START SOURCE RECORDS

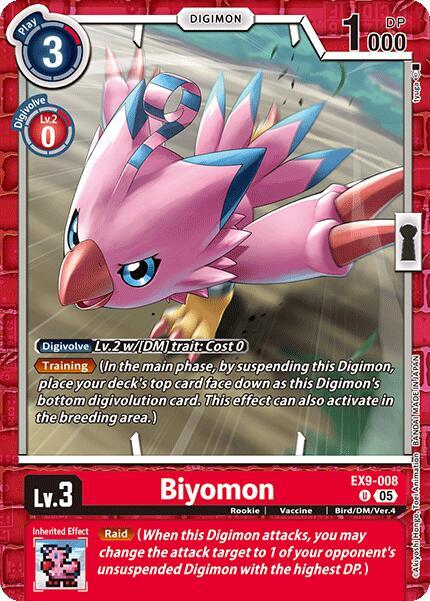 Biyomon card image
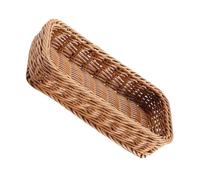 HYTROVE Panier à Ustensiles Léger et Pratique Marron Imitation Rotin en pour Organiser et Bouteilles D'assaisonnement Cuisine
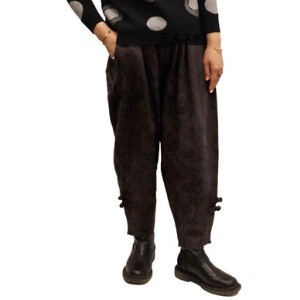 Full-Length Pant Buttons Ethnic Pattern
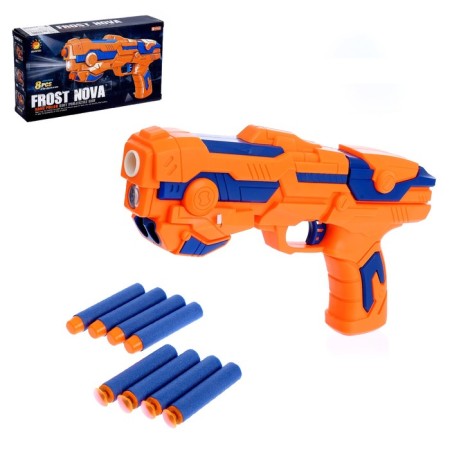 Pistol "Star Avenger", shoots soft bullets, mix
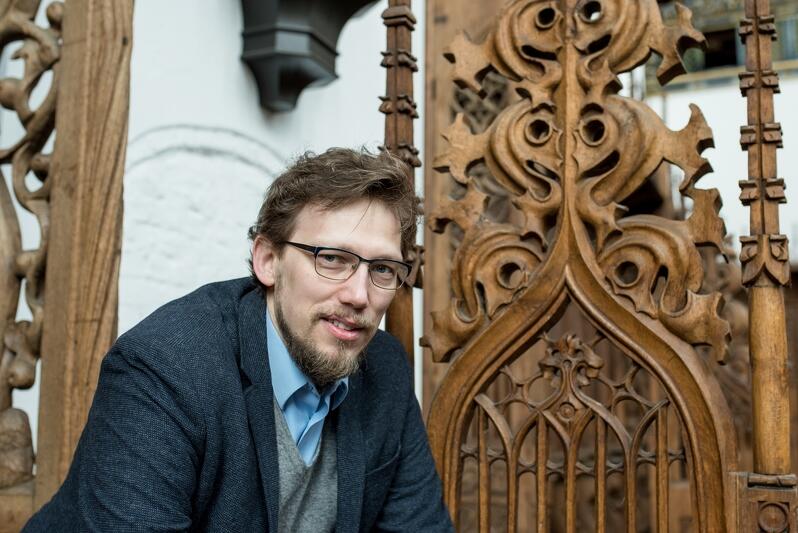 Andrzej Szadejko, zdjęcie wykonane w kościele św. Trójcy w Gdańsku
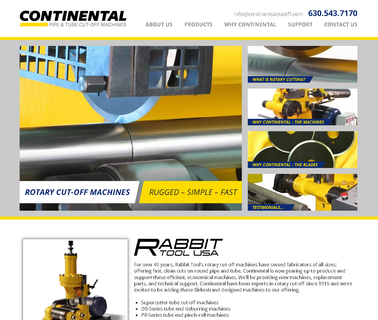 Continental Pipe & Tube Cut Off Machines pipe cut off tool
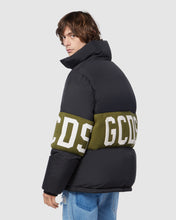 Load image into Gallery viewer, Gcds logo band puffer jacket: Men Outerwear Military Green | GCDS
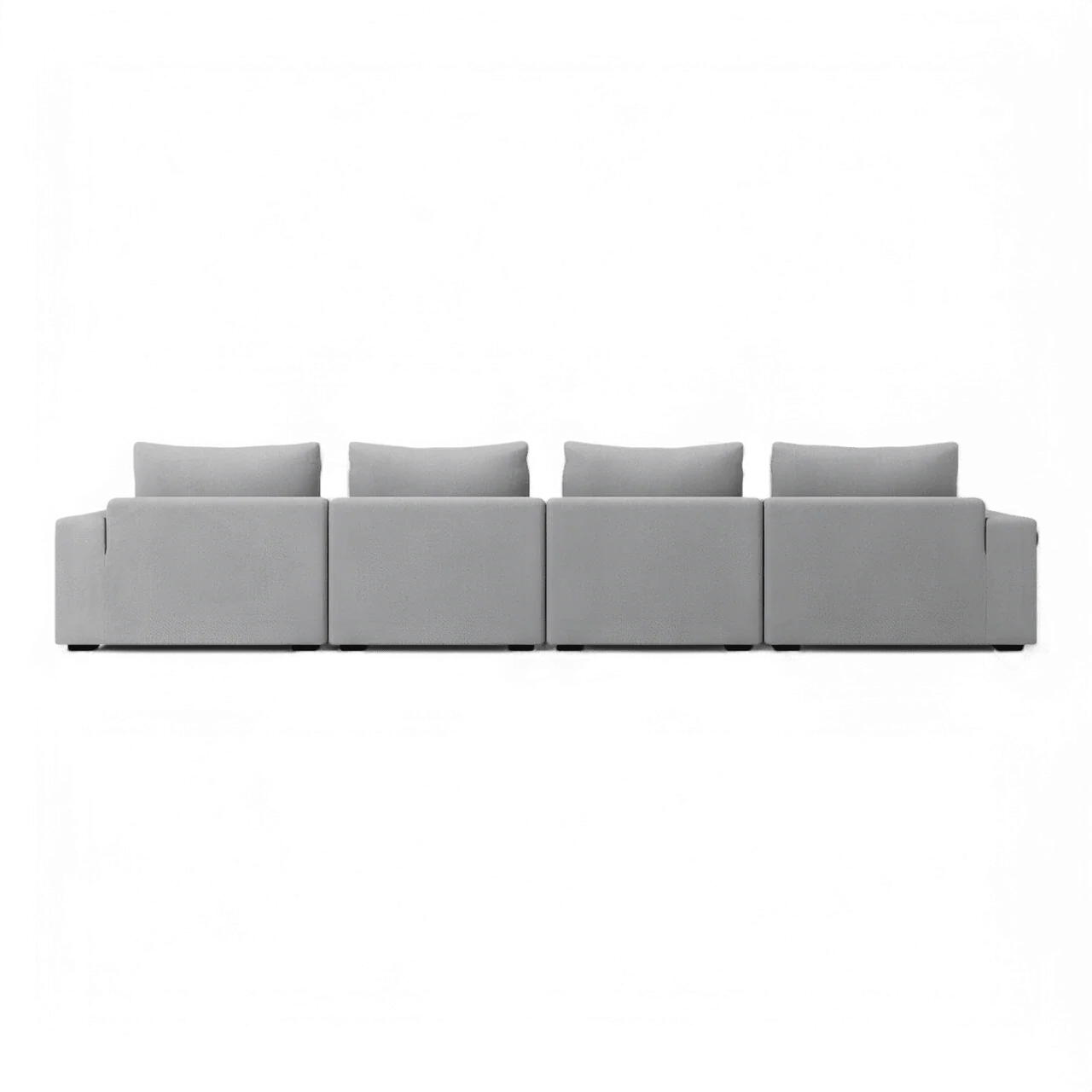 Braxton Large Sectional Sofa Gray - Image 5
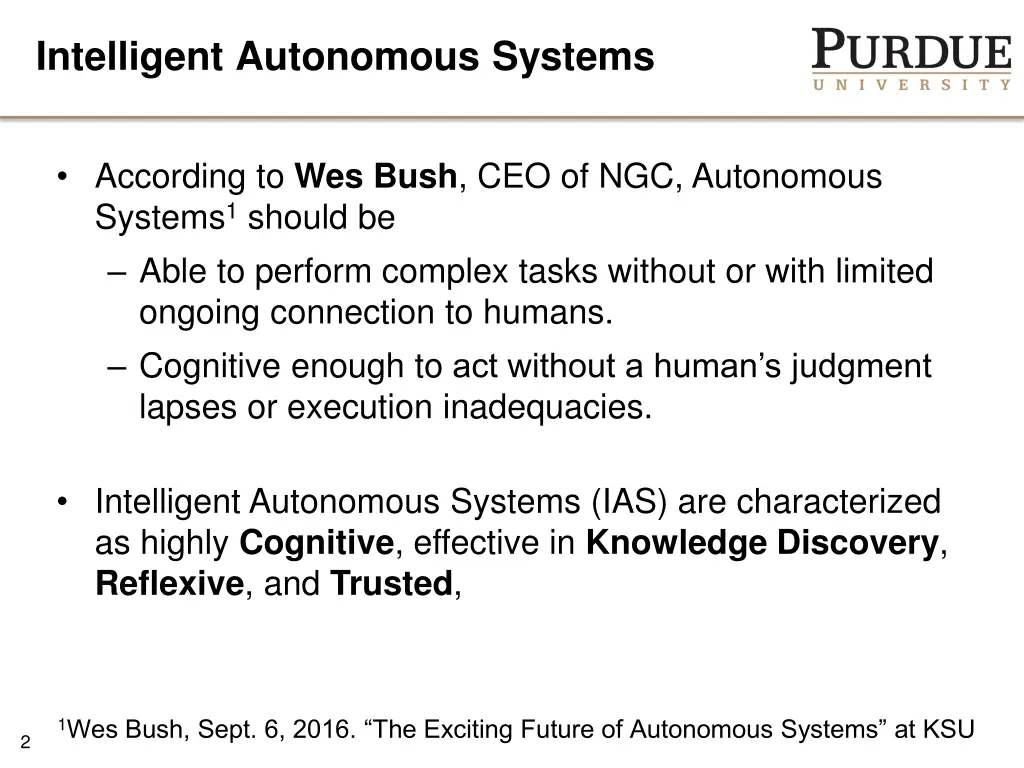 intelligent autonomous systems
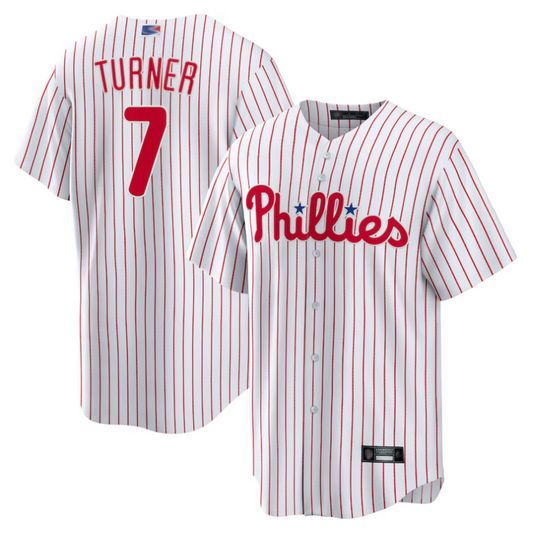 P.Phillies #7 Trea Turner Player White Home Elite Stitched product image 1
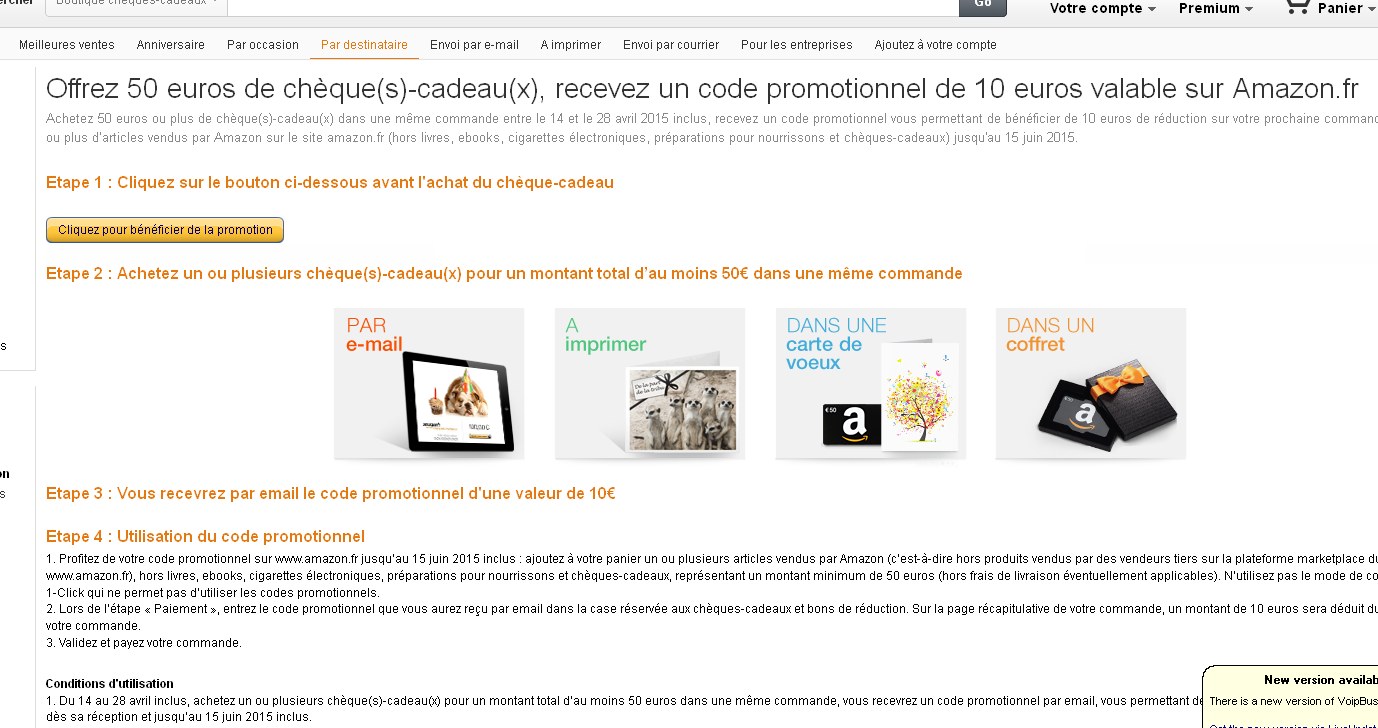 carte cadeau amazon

END SOURCE RECORDS

* **REQUIREMENT**: From the line with "Continental Pipe &" down to the last line of the records above, restate each line verbatim, passing over any picture.

* **WORKED SOLUTION**:
 Continental Pipe & Tube Cut Off Machines pipe cut off tool
 Load image into Gallery viewer, Gcds logo band puffer jacket: Men Outerwear Military Green | GCDS
 Braxton Large Sectional Sofa Gray - Image 5
 intelligent autonomous systems
 P.Phillies #7 Trea Turner Player White Home Elite Stitched product image 1
 carte cadeau amazon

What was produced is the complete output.